One afternoon last fall at Fort Benning, Ga., two model-size planes took off, climbed to 800 and 1,000 feet, and began criss-crossing the military base in search of an orange, green and blue tarp.
After 20 minutes, one of the aircraft, carrying a computer that processed images from an onboard camera, zeroed in on the tarp and contacted the second plane, which flew nearby and used its own sensors to examine the colorful object. Then one of the aircraft signaled to an unmanned car on the ground so it could take a final, close-up look.
This article raises all kinds of questions about the future of warfare and the security and privacy of Americans or any citizens whose government develops these robotic drones.

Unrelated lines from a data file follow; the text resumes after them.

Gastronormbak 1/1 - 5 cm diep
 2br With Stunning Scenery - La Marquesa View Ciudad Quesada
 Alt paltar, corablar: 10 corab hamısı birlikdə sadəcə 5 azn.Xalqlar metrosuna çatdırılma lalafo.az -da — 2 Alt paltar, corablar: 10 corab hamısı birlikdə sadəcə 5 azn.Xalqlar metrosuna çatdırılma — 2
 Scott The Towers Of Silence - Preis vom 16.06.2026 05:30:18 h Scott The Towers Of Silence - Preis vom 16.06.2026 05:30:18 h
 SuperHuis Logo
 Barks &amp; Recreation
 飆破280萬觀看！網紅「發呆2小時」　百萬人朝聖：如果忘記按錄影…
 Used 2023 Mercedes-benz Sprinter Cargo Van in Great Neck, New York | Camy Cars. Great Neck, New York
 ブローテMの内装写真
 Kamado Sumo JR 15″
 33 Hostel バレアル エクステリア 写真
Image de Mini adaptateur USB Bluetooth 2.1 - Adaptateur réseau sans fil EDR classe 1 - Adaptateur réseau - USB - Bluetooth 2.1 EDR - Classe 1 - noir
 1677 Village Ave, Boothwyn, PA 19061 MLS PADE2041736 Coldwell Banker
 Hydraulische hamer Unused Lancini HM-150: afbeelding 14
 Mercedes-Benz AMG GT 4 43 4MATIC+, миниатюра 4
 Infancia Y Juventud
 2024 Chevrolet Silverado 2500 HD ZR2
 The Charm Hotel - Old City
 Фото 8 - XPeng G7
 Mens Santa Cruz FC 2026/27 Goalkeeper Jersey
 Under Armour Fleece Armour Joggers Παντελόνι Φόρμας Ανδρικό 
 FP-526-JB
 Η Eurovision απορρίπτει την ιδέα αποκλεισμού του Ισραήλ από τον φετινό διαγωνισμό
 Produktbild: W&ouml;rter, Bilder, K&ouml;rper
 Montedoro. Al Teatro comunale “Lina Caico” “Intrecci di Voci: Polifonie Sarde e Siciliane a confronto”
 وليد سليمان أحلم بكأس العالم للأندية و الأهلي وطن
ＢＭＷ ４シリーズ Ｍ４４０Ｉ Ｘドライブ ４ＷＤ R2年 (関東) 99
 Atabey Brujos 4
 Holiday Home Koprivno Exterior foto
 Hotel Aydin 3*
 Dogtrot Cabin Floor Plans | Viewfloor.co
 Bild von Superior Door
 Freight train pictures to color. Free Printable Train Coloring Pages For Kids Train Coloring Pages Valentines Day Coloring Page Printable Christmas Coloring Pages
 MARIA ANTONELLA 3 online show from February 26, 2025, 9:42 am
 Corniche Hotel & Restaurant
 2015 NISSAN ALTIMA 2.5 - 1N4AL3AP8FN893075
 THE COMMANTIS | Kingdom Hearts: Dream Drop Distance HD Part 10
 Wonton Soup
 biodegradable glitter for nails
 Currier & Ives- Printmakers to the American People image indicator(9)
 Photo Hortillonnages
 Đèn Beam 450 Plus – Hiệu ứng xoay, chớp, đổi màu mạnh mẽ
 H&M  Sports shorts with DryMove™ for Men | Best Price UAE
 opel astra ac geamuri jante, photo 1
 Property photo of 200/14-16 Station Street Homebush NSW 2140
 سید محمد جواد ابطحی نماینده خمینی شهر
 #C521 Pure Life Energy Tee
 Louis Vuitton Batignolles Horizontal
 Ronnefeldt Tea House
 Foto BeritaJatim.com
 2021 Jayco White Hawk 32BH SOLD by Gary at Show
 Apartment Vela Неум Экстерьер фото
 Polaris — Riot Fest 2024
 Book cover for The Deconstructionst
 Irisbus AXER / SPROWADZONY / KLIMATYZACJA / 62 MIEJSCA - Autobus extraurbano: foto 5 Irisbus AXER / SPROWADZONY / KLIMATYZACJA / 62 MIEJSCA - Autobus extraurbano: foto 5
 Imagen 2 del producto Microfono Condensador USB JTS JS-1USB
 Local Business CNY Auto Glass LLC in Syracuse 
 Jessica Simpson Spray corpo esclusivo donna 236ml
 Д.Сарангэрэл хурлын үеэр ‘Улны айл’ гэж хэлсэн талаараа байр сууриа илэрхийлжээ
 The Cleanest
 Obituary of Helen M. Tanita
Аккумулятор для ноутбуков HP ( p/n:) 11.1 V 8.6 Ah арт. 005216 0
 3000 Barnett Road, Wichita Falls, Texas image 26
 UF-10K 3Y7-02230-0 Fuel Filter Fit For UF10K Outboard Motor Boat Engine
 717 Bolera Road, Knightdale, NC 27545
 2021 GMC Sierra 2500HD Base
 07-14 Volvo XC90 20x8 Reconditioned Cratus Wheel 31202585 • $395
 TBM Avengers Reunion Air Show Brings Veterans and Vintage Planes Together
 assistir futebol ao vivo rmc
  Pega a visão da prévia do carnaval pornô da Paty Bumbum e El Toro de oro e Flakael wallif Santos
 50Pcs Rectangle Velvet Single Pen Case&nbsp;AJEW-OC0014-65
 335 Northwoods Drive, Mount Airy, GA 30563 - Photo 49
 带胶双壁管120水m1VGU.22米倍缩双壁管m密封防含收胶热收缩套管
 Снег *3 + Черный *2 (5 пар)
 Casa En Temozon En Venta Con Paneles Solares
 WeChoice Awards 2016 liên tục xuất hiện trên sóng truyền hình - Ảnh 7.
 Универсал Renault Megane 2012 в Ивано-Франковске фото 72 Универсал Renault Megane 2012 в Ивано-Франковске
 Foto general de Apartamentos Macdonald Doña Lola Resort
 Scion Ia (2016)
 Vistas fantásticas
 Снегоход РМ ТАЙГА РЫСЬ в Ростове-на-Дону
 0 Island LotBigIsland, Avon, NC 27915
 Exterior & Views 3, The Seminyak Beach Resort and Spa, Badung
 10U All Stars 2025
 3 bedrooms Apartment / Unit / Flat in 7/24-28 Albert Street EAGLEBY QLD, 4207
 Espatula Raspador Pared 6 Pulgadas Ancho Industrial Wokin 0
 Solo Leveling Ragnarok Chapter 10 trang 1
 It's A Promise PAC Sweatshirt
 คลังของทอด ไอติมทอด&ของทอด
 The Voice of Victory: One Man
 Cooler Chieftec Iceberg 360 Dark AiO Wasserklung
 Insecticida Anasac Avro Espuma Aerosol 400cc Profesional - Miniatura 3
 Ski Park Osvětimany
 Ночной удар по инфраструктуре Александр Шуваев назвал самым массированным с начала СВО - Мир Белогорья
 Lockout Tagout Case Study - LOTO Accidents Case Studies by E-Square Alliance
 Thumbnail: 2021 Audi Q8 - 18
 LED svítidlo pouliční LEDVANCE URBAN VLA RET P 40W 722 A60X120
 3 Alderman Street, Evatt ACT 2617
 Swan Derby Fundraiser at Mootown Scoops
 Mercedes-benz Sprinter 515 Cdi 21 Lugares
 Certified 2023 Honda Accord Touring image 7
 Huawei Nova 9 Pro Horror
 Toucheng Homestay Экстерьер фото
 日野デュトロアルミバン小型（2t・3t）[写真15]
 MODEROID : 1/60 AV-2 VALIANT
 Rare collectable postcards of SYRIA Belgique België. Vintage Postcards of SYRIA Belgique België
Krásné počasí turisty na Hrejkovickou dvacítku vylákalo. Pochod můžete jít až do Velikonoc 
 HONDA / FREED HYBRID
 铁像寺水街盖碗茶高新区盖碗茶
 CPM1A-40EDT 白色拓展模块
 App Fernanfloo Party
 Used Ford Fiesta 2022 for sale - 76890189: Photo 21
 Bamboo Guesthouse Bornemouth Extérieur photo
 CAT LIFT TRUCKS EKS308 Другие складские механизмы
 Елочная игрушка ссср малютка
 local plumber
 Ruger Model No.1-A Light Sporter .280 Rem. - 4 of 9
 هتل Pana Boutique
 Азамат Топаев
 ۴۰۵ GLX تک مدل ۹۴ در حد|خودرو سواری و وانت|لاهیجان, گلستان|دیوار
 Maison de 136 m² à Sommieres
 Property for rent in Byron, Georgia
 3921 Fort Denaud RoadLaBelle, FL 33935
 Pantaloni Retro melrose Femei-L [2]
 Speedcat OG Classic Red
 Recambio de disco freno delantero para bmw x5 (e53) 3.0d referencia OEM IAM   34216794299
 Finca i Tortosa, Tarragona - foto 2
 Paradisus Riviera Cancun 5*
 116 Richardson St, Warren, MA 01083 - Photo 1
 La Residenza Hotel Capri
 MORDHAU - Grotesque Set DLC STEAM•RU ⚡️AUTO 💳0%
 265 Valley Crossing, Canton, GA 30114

We use them on our Mexican border to monitor illegal drug trade and no one minds that. In fact, it’s a good idea in areas of man-power and safety, for instance. We’re using them in Pakistan and other middle eastern nations, with bombs on board.
But the idea that these robotic drones can work in packs and communicate to each other regarding targets to monitor, for instance American citizens, is frightening. It’s bad enough that we have closed circuit television on us at an increasingly high rate but this is even beyond that invasion. The scientific community is developing spy drones that are the size of insects. Gee that’s great – if we’re spying on Americas enemies but what if they are used to spy on citizens?
Or just as bad – what if a hostile foreign government uses them inside our borders, to spy on us?